As is generally known, there are no coincidences. If they do occur, it’s no more than God’s grimace. However, the proximity of two landmark memorable dates, which are truly historic and fundamental for us, makes us reflect on a lot: on the dependence of civilization on the language of the peoples that form it; on language as a tool that makes a nation; on the relationship of culture (and, above all, literature) with the path of a country’s development, economy, politics and public thought; on us, the Russian people, regardless of our religion and ethnicity; and, lastly, on national spiritual values. For language is not only the “spirit of a people” (we thank the German Wilhelm von Humboldt for the formulation!), but also a powerful means of consolidating a nation, an impetus to its awareness of its historical significance, a means of determining the place of a State on the world map.

All the more so because we need not invent our national history – its milestones are concrete and obvious, even though ancient facts and events, having filtered through the centuries, have already turned into legend, including the legend of the great Russian language.

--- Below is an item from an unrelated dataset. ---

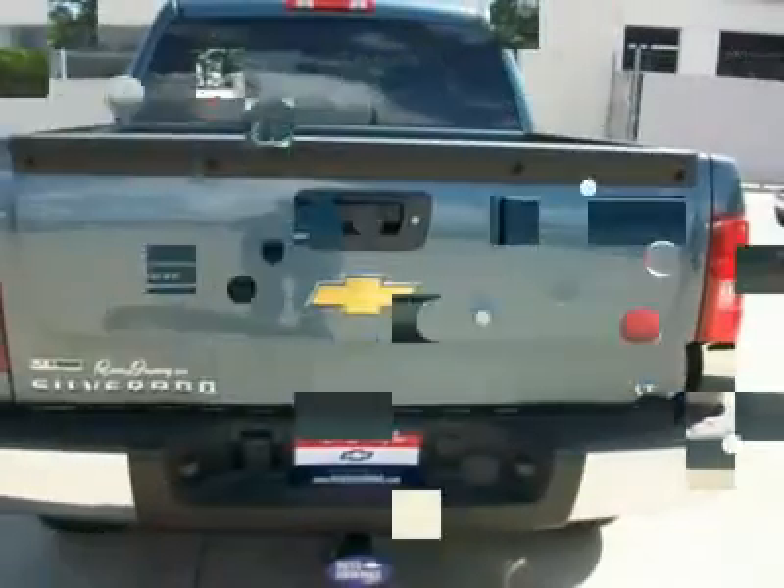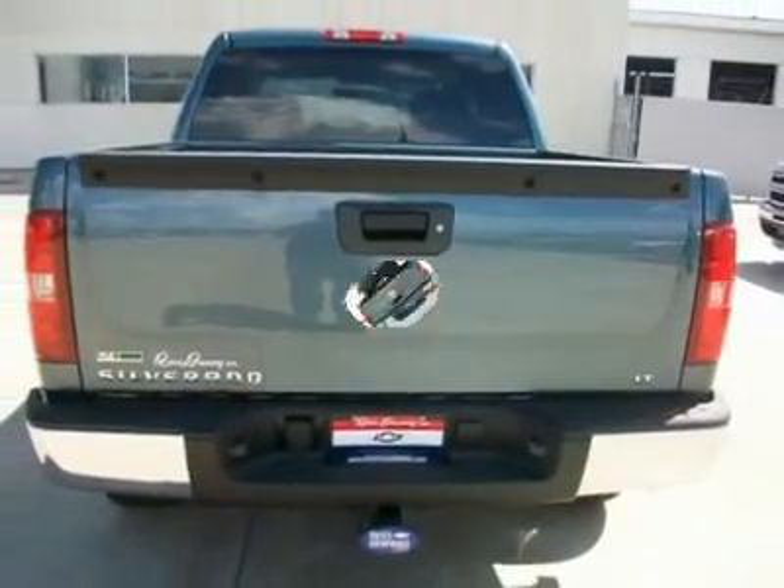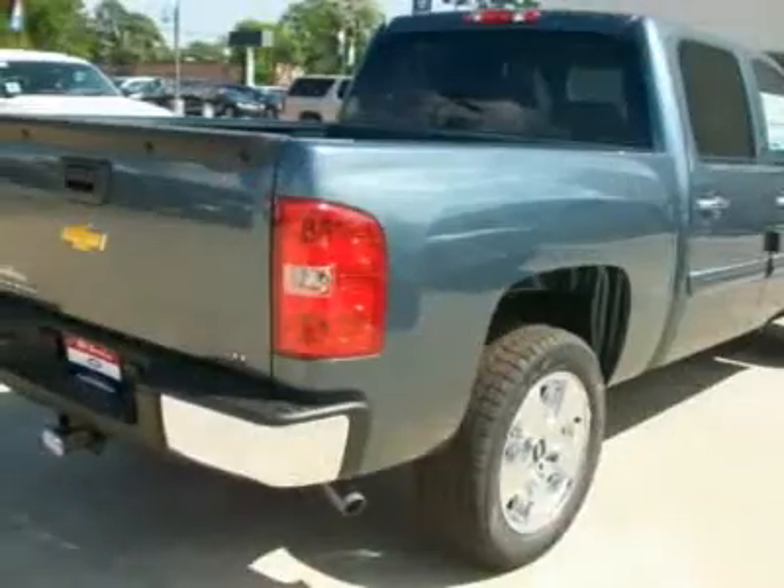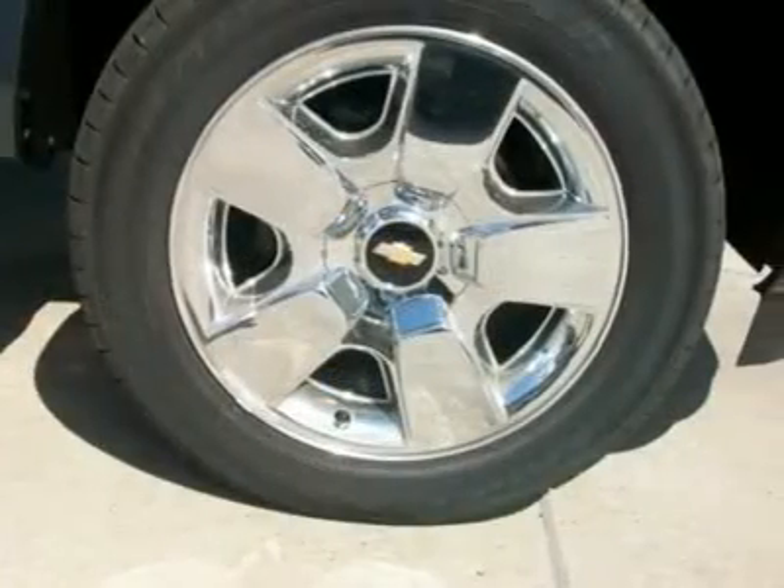Remote start, keyless entry, Bluetooth for phone, steering wheel radio controls, XM radio, 20 chrome rims, HD trailering, locking differential, fog lights, and much more.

Every day, every hour and every minute we live and create, enjoy and suffer in its space. We live in this extremely rich, amazing language without realizing our happiness that is given freely.

Monument to the holy brothers Methodius and Cyril in Saratov. Sculptor A.A. Rozhnikov. 2009

Now about the significant dates. In their proximity I see a certain sign, saturated with many meanings, which are yet to be deciphered by many generations. 24th May is the Slavonic Literature and Culture Day, which, of course, is perceived by us as a holiday in honour of the holy brothers Cyril and Methodius Equal–to-the-Apostles, the creators of the Slavonic alphabet.

And after it, on 6th June, is Pushkin Day, as well as the International Russian Language Day. The holiday is timed to coincide with the birthday of the great writer, and this year Alexander Sergeevich turns 225. Happy birthday, “our everything”!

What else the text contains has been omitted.